Cet homme plein d'énergie a commencé à travailler durant la Deuxième Guerre mondiale, alors qu'il était âgé de 14 ans. Aujourd'hui, il a 64 années d'expérience en boulangerie derrière le tablier. Aujourd'hui, il a 79 ans.

«Je ne suis pas capable de rester assis», répète sans cesse Robert Losson. Il n'y a que Sacha, son gros chat gris, qui se vautre chez lui. Lui arpente d'un bout à l'autre son petit logement aux étagères chargées de bibelots, au 16e étage d'une tour qui surplombe la rivière des Prairies à Laval.

La vue est magnifique. Mais pour rien au monde Robert Losson, veuf depuis 10 ans, ne souhaite passer ses journées à regarder les canards batifoler.

Lui qui a travaillé toute sa vie se cherche un nouvel emploi depuis deux mois.
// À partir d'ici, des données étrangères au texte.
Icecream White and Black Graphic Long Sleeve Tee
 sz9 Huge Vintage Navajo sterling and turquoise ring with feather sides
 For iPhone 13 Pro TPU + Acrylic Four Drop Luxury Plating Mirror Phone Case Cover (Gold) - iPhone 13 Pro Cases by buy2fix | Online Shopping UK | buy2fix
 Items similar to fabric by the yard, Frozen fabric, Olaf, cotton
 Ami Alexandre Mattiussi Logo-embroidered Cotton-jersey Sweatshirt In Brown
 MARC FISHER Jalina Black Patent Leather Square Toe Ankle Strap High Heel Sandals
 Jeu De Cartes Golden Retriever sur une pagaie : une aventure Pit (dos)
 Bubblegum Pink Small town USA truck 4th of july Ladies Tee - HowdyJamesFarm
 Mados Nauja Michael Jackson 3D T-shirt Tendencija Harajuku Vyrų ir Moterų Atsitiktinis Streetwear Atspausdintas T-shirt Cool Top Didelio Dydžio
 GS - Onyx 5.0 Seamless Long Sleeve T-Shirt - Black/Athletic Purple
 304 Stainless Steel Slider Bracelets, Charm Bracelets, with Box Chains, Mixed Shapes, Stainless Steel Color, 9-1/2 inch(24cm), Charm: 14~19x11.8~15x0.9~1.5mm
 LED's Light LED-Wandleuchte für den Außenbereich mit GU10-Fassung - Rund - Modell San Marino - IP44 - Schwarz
Il convoite un poste d'aide-cuisinier, puisqu'il ne souhaite plus travailler de nuit. «Mais il n'y a rien que je ne ferais pas, même laver des malades.»

Ce n'est pas tant une question de nécessité financière qu'une question de survie. «Quand tu as travaillé toute sa vie, dit-il, si tu t'arrêtes, c'est toute la machine qui s'arrête.»